- Work task:
Output only the lines below from the one containing "Handbremsbacken Iveco Daily" to the one containing "A home in Blairsville", exactly as written, both ends kept.

- Available data:
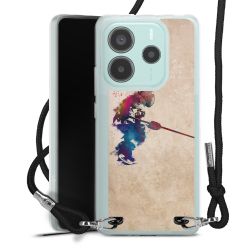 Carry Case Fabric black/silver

--

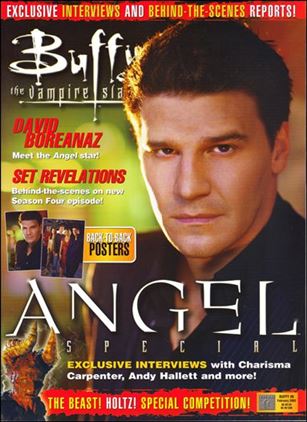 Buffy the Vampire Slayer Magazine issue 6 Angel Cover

---

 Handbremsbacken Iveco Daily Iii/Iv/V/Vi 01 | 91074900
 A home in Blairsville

- Answer below:
 Handbremsbacken Iveco Daily Iii/Iv/V/Vi 01 | 91074900
 A home in Blairsville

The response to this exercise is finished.